We were there for the better part of the day (9:00-3:00) and there was a lot waiting around, but there was some great eats to be had. From what I had read, extras are considered the bottom of the food chain in the industry, and therefore, should not always expect to be able to eat with any of the higher-ups from the catering truck. But at this particular set, we were granted this special privilege. Woo-hoo, spaghetti! Even the chaperones were fed. I blew my low-carb diet that day.

My daughter and I came out pretty pleased from the experience. She got to miss a day of school and got paid for it and I got to sit around all day working on some illustration sketches for a client. The pay, though, is nothing to get excited about; it’s about $10 an hour for extras, but for a kid, it’s awesome –and better than babysitting. My kid needs the money. Being a pint-sized fashionista can get expensive.

A couple days later, the agent, Bruce, emailed all the agency members asking, no begging, for extras for a Japanese commercial being shot the following week. Hoping I was Asian enough (French Canadian & Chinese) to pass, I e-sent him my picture. At first it looked good, as the Japanese director was getting desperate enough to take any ol’ Asian, but then it fell through by the weekend. Oh well. Then I brilliantly thought, "Heck, why don’t I just sign up too? After all, I am a freelance illustrator/writer/stay@home-mom, and therefore have a very flexible schedule, and make next to no money anyway, so why not?"

So, last Tuesday was payroll day for the Riverview shoot and I had earlier sent an email to Agent Bruce asking that since they already had my picture in their files, could I sign up when I came by the office to pick my kid’s cheque?
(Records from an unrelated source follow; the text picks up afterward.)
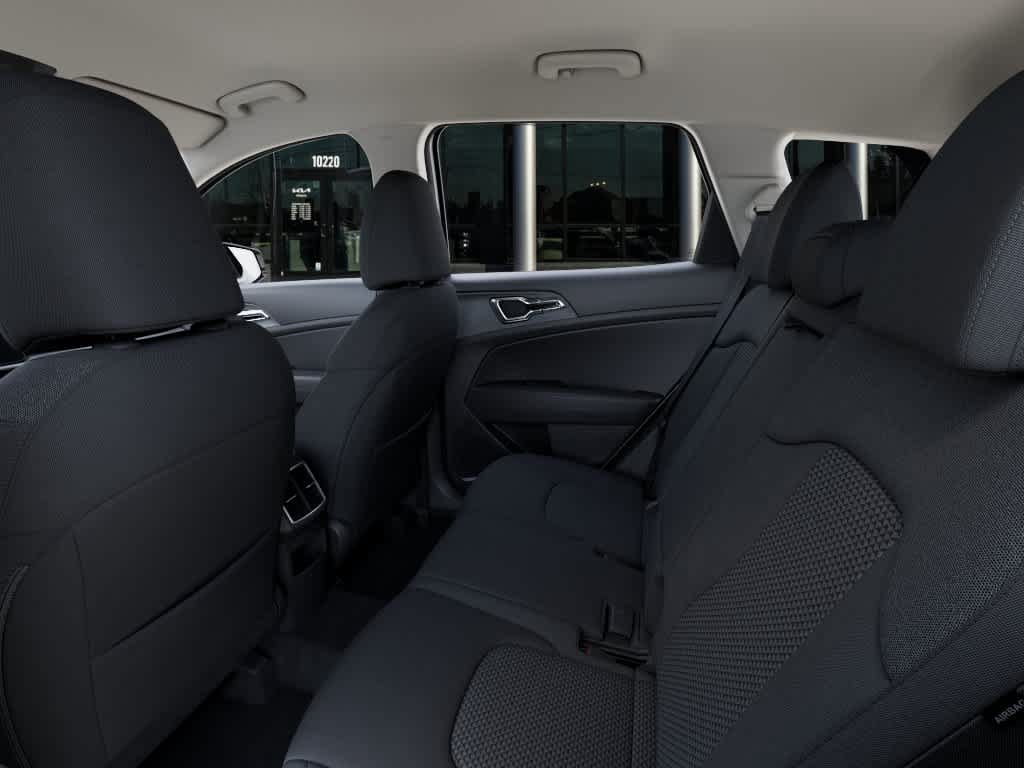 New 2027 Kia Sportage LX FWD image 18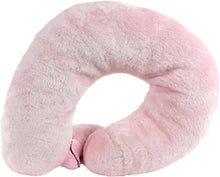 Load image into Gallery viewer, Flamingo Pillow Pal Neck Pillow
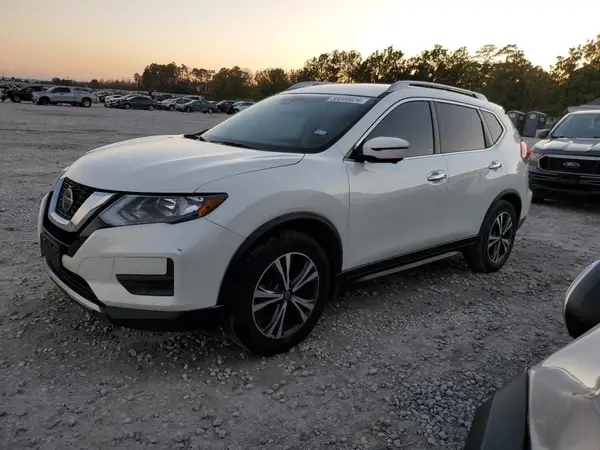 5N1AT2MT3KC792542 2019 NISSAN ROGUE - Image 1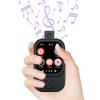 Tangxi MP3 Player with Bluetooth 5.4 and Camera, Portable Digital Music Player with 2.01" Touch Screen, HiFi Lossless Sound Voice Recorder, FM Radio, E Book (with 32G Memory Card) view 1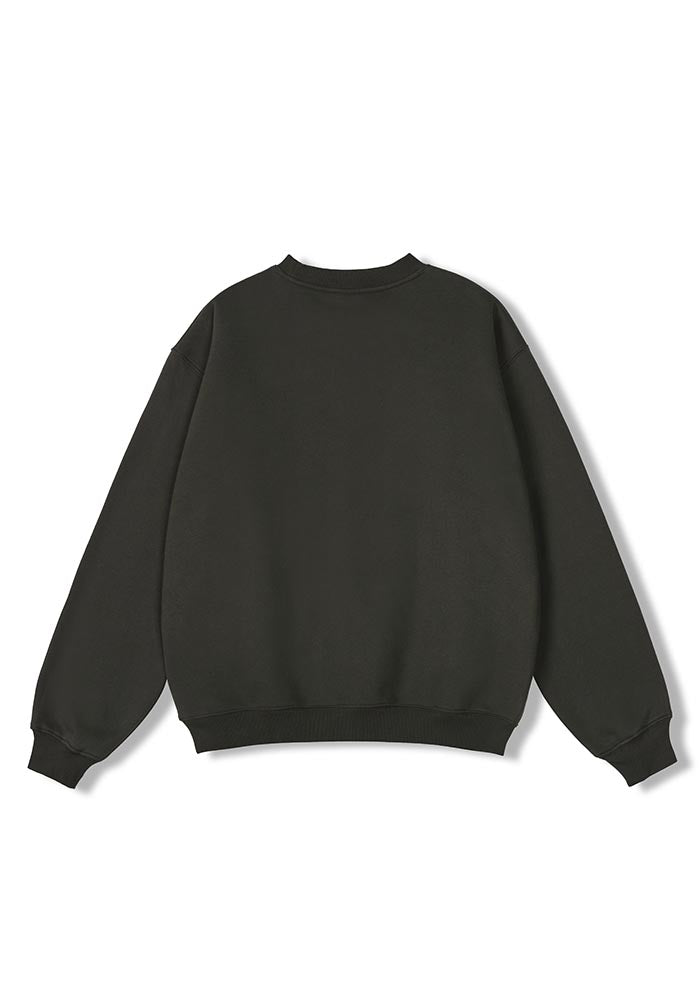 350G Heavyweight Crewneck Sweatshirt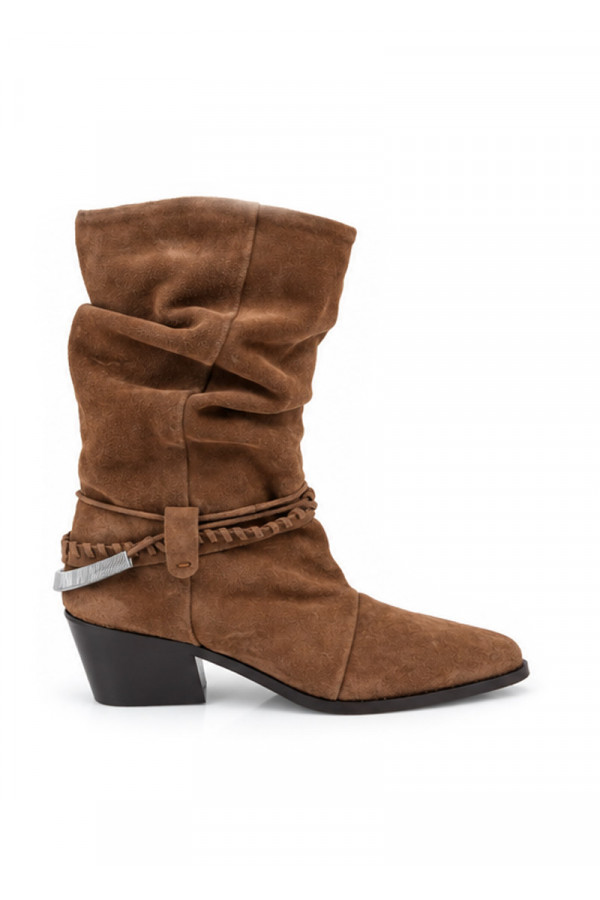 HIGH BOOTS 
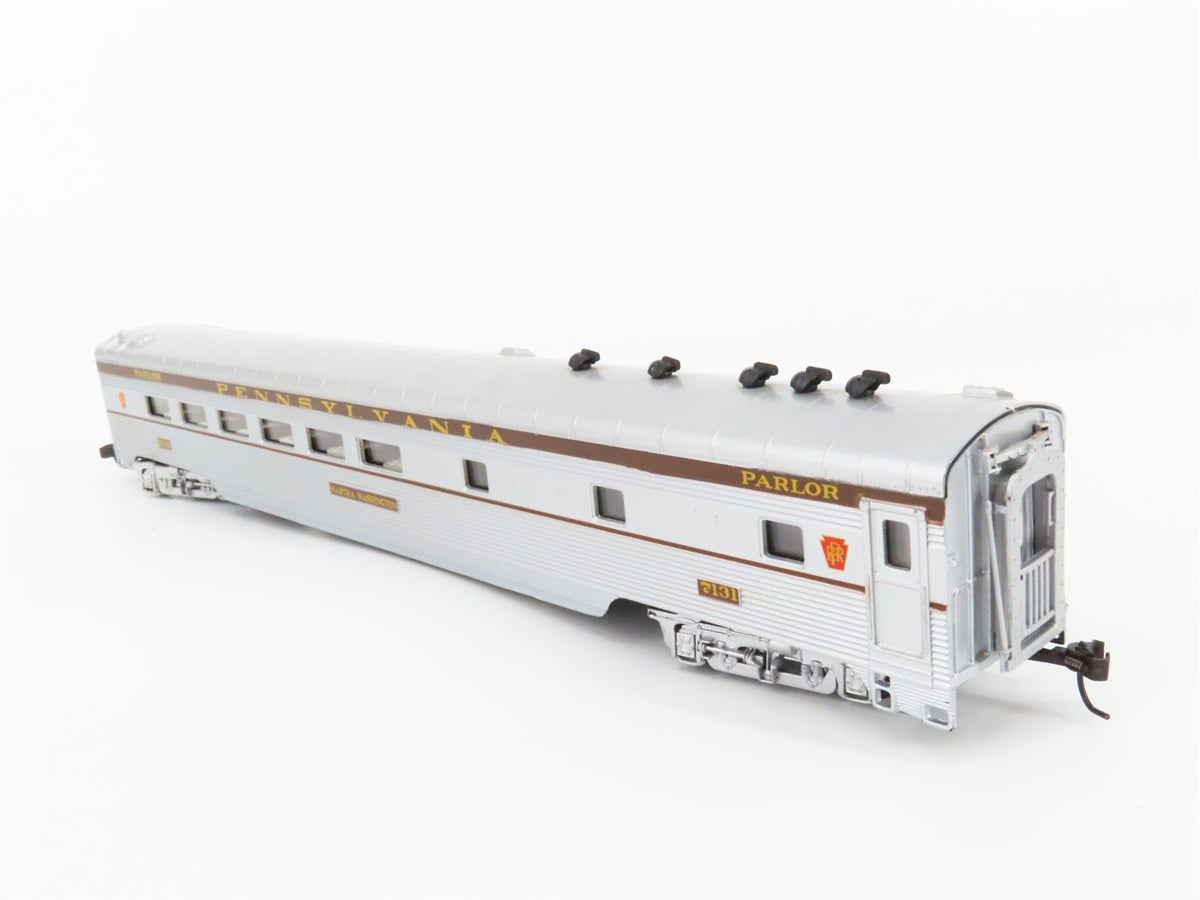 HO IHC Premier 47742 PRR Congressional Senator Diner Car #7131 Martha Washington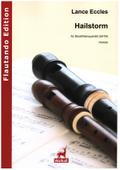 Hailstormfür 4 Blockflöten (SATB)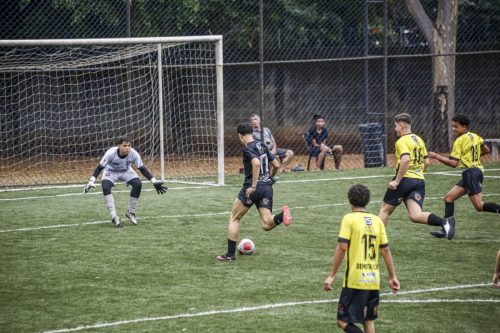 8ª Rodada - 41º CIFAC Hapvida 2025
Agent Bruce said sure, come sign up! Boy, what a hard sell. And the agency: despite my stereotypical-Hollywood-based preconceptions of what a talent agency would look like (smoky, poorly lit, a worn out couch in the corner) it was a rather pleasant, sunny little office. And instead of my stereotypical-Hollywood-based preconceptions of what a talent agent would be like (swarmy, cigar-smoking, loud-talking) Agent Bruce was an ordinary 30-something dad-of-two-kids kind of guy.

Agent Bruce took a couple photos of me, gave me my kid’s cheque (then I gave him a cheque for the agency’s 15% cut) and I was done like dinner. As I walked back to the train station in the pre-Olympic bustle of the city, I gleefully thought to myself, I have an agent! OK, so Agent Bruce is not a book agent from the publishing industry (a Holy Grail dream of mine) but I can lay claim to an agent now–even if it is for human wallpaper work.